Kirby weaves fact with fictional story-telling, liberally creating her own dialogues. She's a good story-teller and brings her childhood, and the various characters of the colony, back to life. Rather than sweeping the troublesome events and divisions under the rug, she shows how the various Hutterite communities were anything but perfect. Refreshingly, though, she writes with respect rather than bitterness, thankful for the solid spiritual and moral center that the Hutterites and her deeply religious and devoted parents gave her.

I Am Hutterite critiques modern English-speaking society more than it does Hutterites, contrasting the love and warmth of Hutterite society with the cold indifference of mainstream Canadian society.

Friday, May 7, 2010

A Life in Letters: Thomas Merton

Edited by William H. Shannon and Christine M. Bochen, 402 pages, Harper One.

Both traditionalists and renewalists love Merton so this thick book offers something to everyone. It reflects in depth the peacenik Merton who wrote against the Vietnam war, seeing it through a spiritual rather than geopolitical lens.
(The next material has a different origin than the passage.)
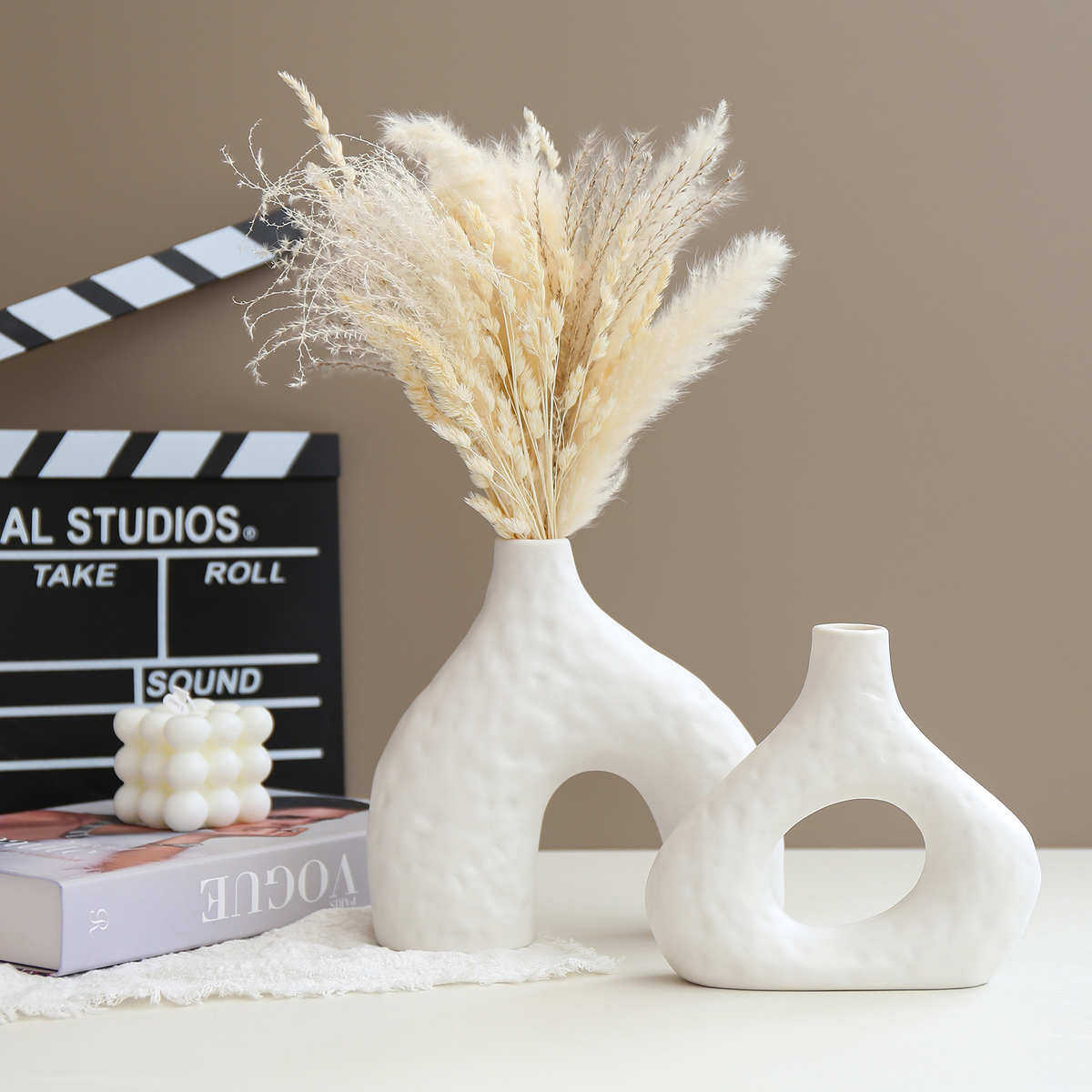 北欧风外贸热销黑白色陶瓷花瓶套装家居插花器玄关摆件,家居饰品,花瓶,淘宝优惠券,粉丝福利购,淘宝优惠卷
This war, as well as the arms race, was for Merton really about deeper issues related to what he saw as the ugliness of modern, industrial living.

Merton the traditionalist opposed the commodification and commercialization of life. His letters reflect his love of deep, real relationships with people. He saw technology and industrialization as dehumanizing forces. His conception of Catholic freedom opposes the liberty of capitalism and consumerism:

"Our souls cannot be free if we believe only in money and power and comfort and having a good time. I do not think that our present line of action is doing anything to keep us free."

These prophetic words were written when these economic and political changes were happening, and not from decades later after the fact. Though a convert to Catholicism, Merton was able to be so prophetic because of he was so deeply immersed in the Catholic worldview:

"I do not aim at the heights, I aim at the depths. Not at what is exalted and spectacular but what is humble and unenviable and unattractive and blank. I aspire to become a nonentity and to be forgotten."

Merton's openness to the world came through a Catholic view of diversity rather than the current, post-modern one. He loved the variety of paths to God that the monastic life offered religious. Because of this high esteem for monastic and contemplative living, he had high standards for the religious orders. Echoing other mid-twentieth-century Catholics, he saw them and the Church as a whole, as having become too institutionalized.

Being so immersed in the roots of Catholicism, he took obedience to mean more than simply an institutional obedience that makes each religious a cog in an institutional wheel. Repeatedly, Merton called for the spirit of things to overshadow the institutionalization of things. Heavy institutionalization killed the spirit of individual monks, he noted: "[O]ur problem is not to be solved so much by rules as by men who are alive with the Spirit of the Risen Saviour and are not afraid to seek new paths guided by the light of perennial tradition and the wisdom of Mother Church."

Merton was keenly aware of his place as a monk in American society. He strongly believed in the value of his vocation for his fellow, secular Americans; the monastic vocation went against the capitalist-technological utilitarianism of modern living. The usefulness of a man of prayer was precisely the fact that he didn't fit into the paradigm of what was useful.

Since society was off the right tracks, a contemplative calling could bear prophetic witness. This view tied together Merton's social concerns with his contemplative life. He was qualified to speak out against war, nuclear build-up, prejudice, and industrialization only because he was a monk rooted in a way of living that was quite different from the rest of us.